After an incident has been resolved, the SCC enters the final phase of the incident response lifecycle, which includes processes and feedback loops, such as a port-mortem analysis. The incident post-mortem analysis is designed to highlight what was done well and what could be improved on, how to better defend Adobe from similar incidents and where Adobe should focus resources going forward. Through this process, the SCC can provide proactive guidance to and drive improvements across the entire Adobe organisation and, when required, to supporting processes.
Adobe proactively monitors the production environment with the goal of identifying and resolving vulnerabilities that could compromise the security of data or availability of our services. Vulnerability assessments are performed against the infrastructure, platform and applications that make up the Adobe technology stack.
Adobe also regularly conducts scans on our hosts and network devices to detect vulnerabilities. In addition, Adobe performs penetration tests periodically. These penetration tests are performed either internally or by skilled, third-party security research firms. Finally, anti-virus and anti-malware software is deployed, where applicable.
For vulnerabilities discovered through internal/external vulnerability scans and penetration tests, vulnerabilities are documented, assessed, prioritised and assigned to a remediation plan if necessary.
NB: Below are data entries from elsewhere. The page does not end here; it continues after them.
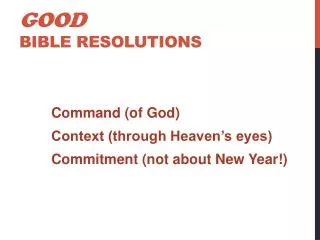 Good Bible resolutions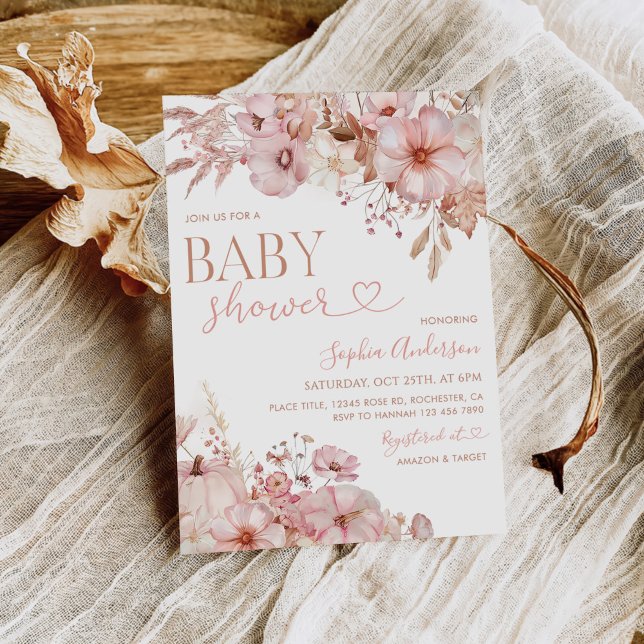 Convites Chuva de Bebê Floral Boho Outono Abóbora (Criador carregado)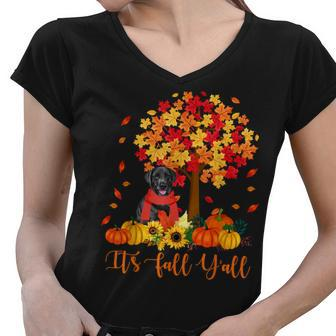 Its Fall Yall Labrador Black Lab Halloween Women V-Neck T-Shirt - Thegiftio UK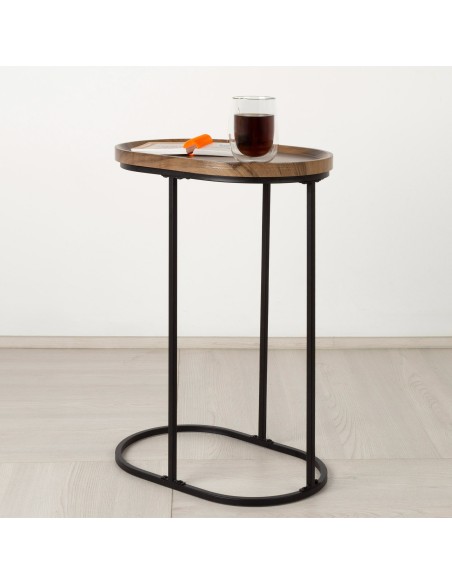 Table d'appoint ovale Max Home en métal et bois 45x30x60 cm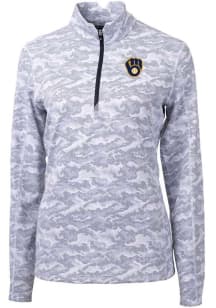 Cutter and Buck Milwaukee Brewers Womens Charcoal Traverse Camo 1/4 Zip Pullover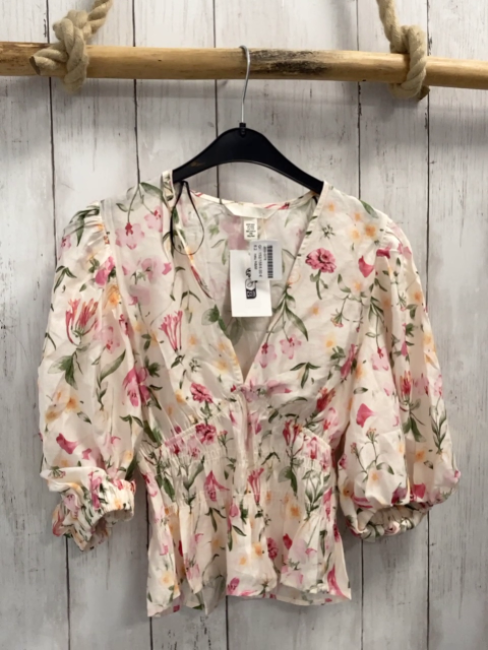 neu H&M  Sommerbluse  Gr. 152/158  creme bunte Blumen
How we address data security risk
Adobe maintains a set of developmental and operational procedures that are designed to help maintain our security posture. The Adobe Secure Product Lifecycle (“SPLC”), is a rigorous set of several hundred specific security activities spanning software development practices, processes and tools. The SPLC was designed from the ground up to help keep customer information safe and secure when using Adobe products and services and is integrated into multiple stages of the product lifecycle. Adobe’s SPLC seeks to uphold the standard of due care that is expected by our customers, shareholders, partners, employees and the business itself. Complemented by continuous community engagement, the Adobe SPLC evolves in an effort to stay current as changes occur in technology, security practices and the threat landscape.
The Adobe Service Lifecycle (“SLC”) is a portfolio management framework, implemented to validate product release plans and achieve a unified roadmap and strategic alignment across Adobe’s project, services and release portfolios. Adobe’s SPLC is integrated into this framework to achieve an aligned, unified and customer-centric product security vision across Adobe.
Adobe has developed and maintains over a hundred security, privacy and related policies and standards designed to help management and employees follow processes that govern our security. Policies are updated regularly and are communicated to and easily accessible by, employees.
To help evaluate the security of Adobe’s vendors, we developed a vendor risk assessment programme —
called “Guardrails.” The Guardrails assessment is a set of requirements to which third-party vendors that collect, store, process, transmit or dispose of Adobe Internal, Confidential or Restricted data outside of Adobe-controlled physical offices or data centre locations, must adhere. Typical scenarios include vendors processing and storing Adobe data at their site, cloud services (e.g., SaaS, PaaS, IaaS and XaaS), LAN-to-LAN VPN connections and data centres. The Guardrails Risk Assessment programme evaluates each vendor’s compliance to Adobe’s Vendor Information Security Standard, providing a risk-based review of the vendor’s security practices and enabling Adobe managers to make fact-based decisions concerning whether or not to enter into a relationship with that vendor.
In addition, Adobe requires employees to complete a general security awareness training on an annual basis. Additional engineering and security specific training may also be required. Training content is aligned with Adobe security policies and standards, reviewed and updated annually and refreshed periodically.
Third Party Cybersecurity Risk Management Standards
Adobe maintains an Information Security Management Systems (“ISMS”) in accordance with ISO 27001:2013 which is comprised of information security policies and standards which demonstrate management’s commitment to and support of, information security practices. In unison with the Common Controls Framework by Adobe (“CCF”), Adobe’s ISMS communicates security roles and responsibilities to relevant Adobe personnel and supports a sustainable, continuously improving security program that aligns with Adobe’s security risks, priorities and projects.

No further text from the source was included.